Sumerian King List
Translation: Thorkild Jacobsen (ANET) via Livius.org (public-domain)
Overview
The Sumerian King List is an ancient Mesopotamian text that enumerates the kings of Sumer and Akkad from the primordial time 'when kingship descended from heaven' through historical rulers of the early 2nd millennium BCE, recording for each king the city where he reigned and the number of years of his reign. The text is notable above all for the extraordinary reign lengths attributed to pre-Flood kings — ranging from 18,600 to 43,200 years each — which shrink dramatically after the Flood to lengths that eventually approximate historical reigns. This structure, with its clear pre-Flood and post-Flood division and its dramatic compression of reign lengths following the deluge, makes the Sumerian King List one of the most discussed ancient parallels to the biblical genealogies of Genesis.
The King List survives in multiple versions on at least fifteen ancient tablets and prisms, the most complete being the Weld-Blundell Prism (now in the Ashmolean Museum, Oxford), which dates to approximately 1800 BCE but lists rulers down to around 1900 BCE. Different versions show different details, variant reign lengths, and different selections of dynasties, suggesting the text was regularly updated and served an ongoing political function: legitimizing the ruling dynasty by connecting it to the unbroken line of divinely sanctioned kingship stretching back before the Flood.
The Sumerian King List is not merely a historical document but a theological claim: kingship is divinely instituted, granted from heaven, and its legitimate exercise depends on divine favor. When a city's dynasty falls, the text records that 'kingship was taken to' another city — an almost providential language suggesting divine oversight of the succession of political power.

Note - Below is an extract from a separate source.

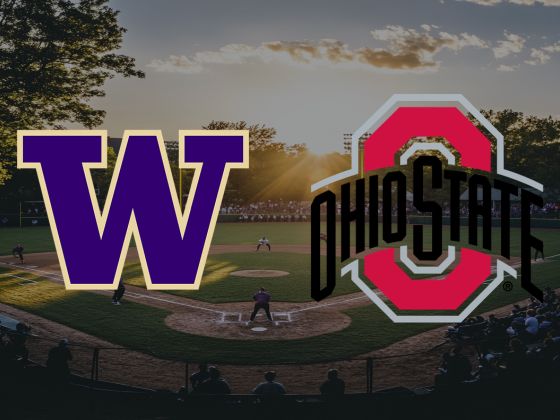 Ohio State Buckeyes Softball vs. Washington Huskies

- Genesis 5 (antediluvian patriarchs with extraordinarily long lifespans)
- Genesis 6:4 (the Nephilim, 'mighty men of old')
- Genesis 10-11 (Table of Nations, Tower of Babel)
- Daniel 2:21 (God removes kings and sets up kings)
- Psalm 75:7 (God exalts and deposes rulers)
- Romans 13:1 (all authority comes from God)
The seventh king in many versions of the Sumerian King List is En-men-dur-ana of Sippar, a figure with a special divine relationship who was taught astronomical divination by the gods. Many scholars believe he is the Sumerian prototype of Enoch, the seventh patriarch in Genesis 5, who 'walked with God' — Enoch's 365-year lifespan matching the solar year, while Sippar was the city of the sun god Shamash.